The bill specifically takes issue with a portion of U. S. code that pertains to threats against presidents, former presidents and certain other individuals. As currently written, the statute defines “immediate family” as “the wife of a former President during his lifetime, the widow of a former President until her death or remarriage, and minor children of a former President until they reach sixteen years of age.”

But under the legislation that passed on Tuesday, that language would change to “the spouse of a former President during a former President’s lifetime, the surviving spouse of a former President until the surviving 10 spouse’s death or remarriage.”

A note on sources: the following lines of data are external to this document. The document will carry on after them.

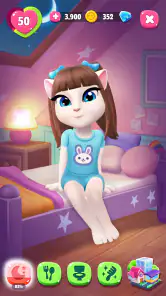 La Mia Talking Angela 2 screenshot 7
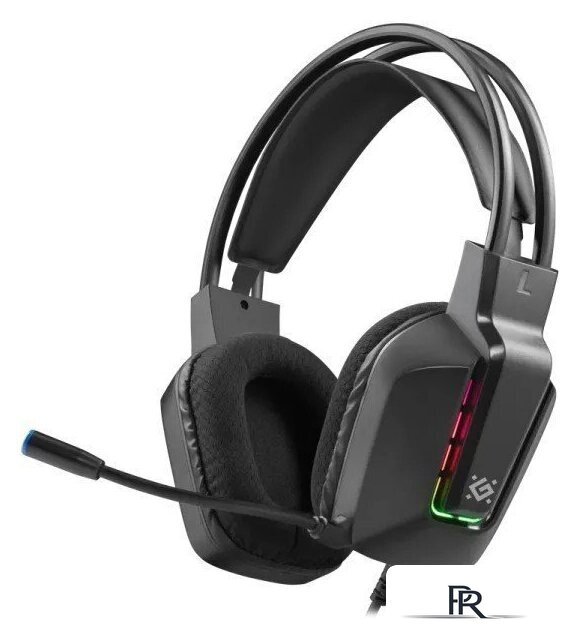 Наушники Defender Gothic 62340 - Изображение №1 — Интернет-магазин ПроЗаказ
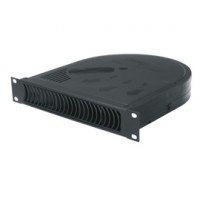 HALF-RACK QUIET 1 BLOWER PANEL WITH PROPORTIONAL SPEED FAN CONTROL
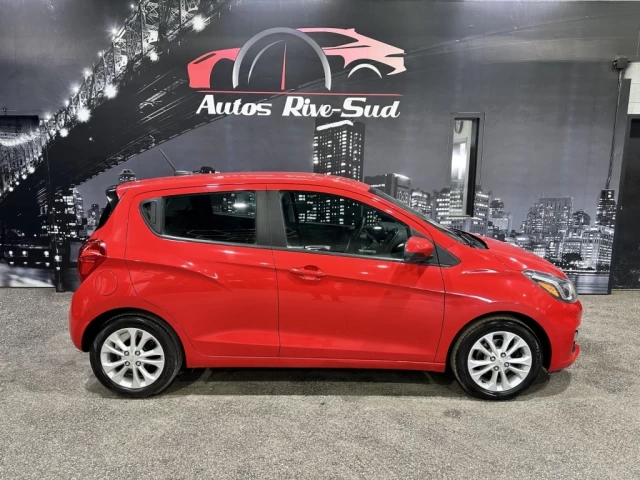 Chevrolet Spark 4dr HB CVT LT w-1LT 2019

While the U. S. has never had a female president, former Secretary of State Hillary Clinton became the first woman to lead a major-party ticket in 2016.

The U. S. has also never had an LGBTQ president. In 2020, however, former South Bend, Ind., Mayor Pete Buttigieg was a popular candidate in the Democratic primary, winning the coveted Iowa caucuses before dropping out of the race. Buttigieg is now serving as Transportation secretary.

The U. S. did break barriers last year when former Sen. Kamala Harris (D-Calif.) became the first female vice president and her husband, Doug Emhoff, became the first second gentleman of the United States.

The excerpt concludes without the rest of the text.